To give you a specific example, I recently completed a body of work called "Drive" where all of the images were taken while driving, riding, or otherwise moving in a car. I started doing some work like that, just playing really, and then I started to think, "Ok, I need to drive by a construction site, a house, a landmark, a gas station, etc." Then, I started to shoot images that fit my theme, rather than just shooting randomly.

Angilee did her project on the dried up river bed near her home (called an arroyo in these parts.) She walked along it, mapped it, figured out where it came from, documented it, hunted down parts of it, brought home pieces of it, etc. to complete her project. She looked at the birds that frequent it, the animals that live there, the people, the fossils, etc. all to make her project come to life. After shooting for a long time (at least several years) she edited it down to a small number of images for her gallery show.

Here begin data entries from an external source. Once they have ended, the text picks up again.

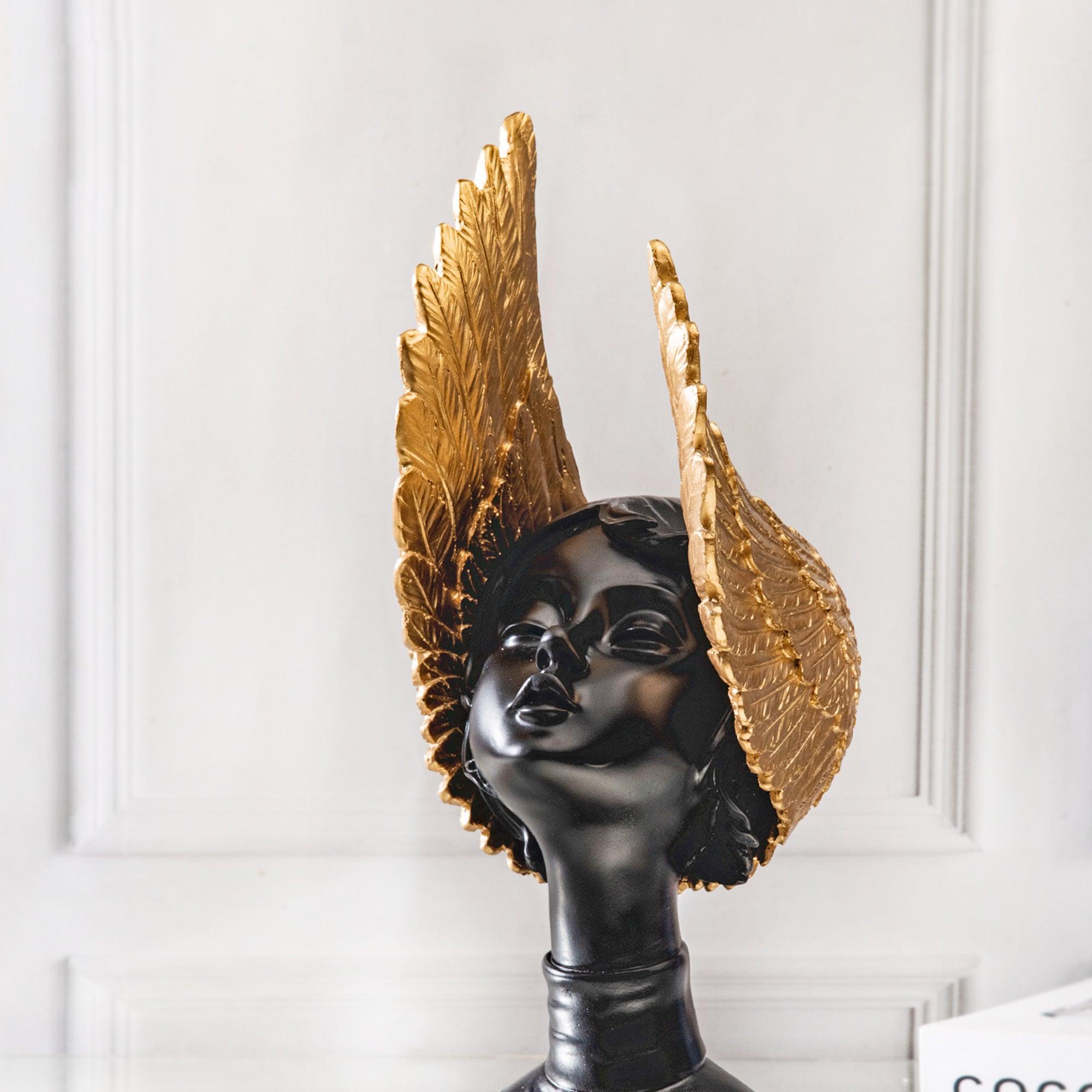 WINGED HAT HANDMADE SCULPTURE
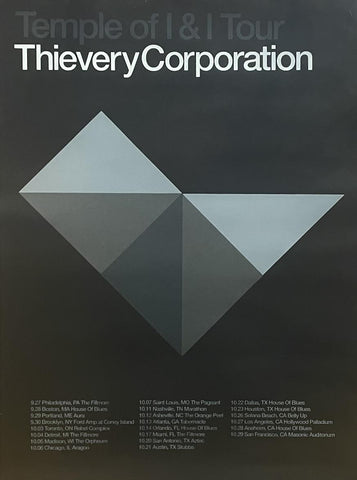 Thievery Corporation - Temple of I & I Tour - 18" x 24" Screenprint Tour Poster - p0096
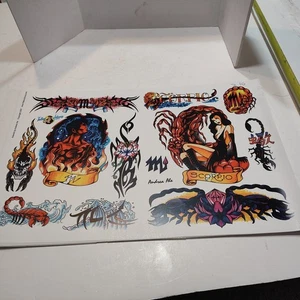 Andrea Ale 5 Sheets 17" X 11" Tattoo Flash From TattooJohnny.Com Astrology Flash - Picture 1 of 11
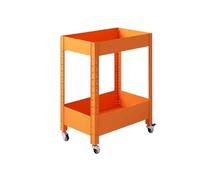 Carrito utilitario ajustable con ruedas - Almacenamiento multiusos que ahorra espacio para cocina y baño - Acero al carbono duradero 50 x 30 x 59 cm Nizer versátil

The idea is you define the project, the idea, the central theme, the concept, and then design the images based upon that. Think about what you want to shoot, how each image will be a bigger piece of the overall project, to get at the single images. It will really give your work a sense of purpose and make you think beyond the singular image into the "your voice your vision" which really gives your work a lot of meaning.

Anybody can take a great shot. Show me a body of work, hit me with a concept, make images that really speak to something, that's how you change the world and earn a reputation as a creative visionary.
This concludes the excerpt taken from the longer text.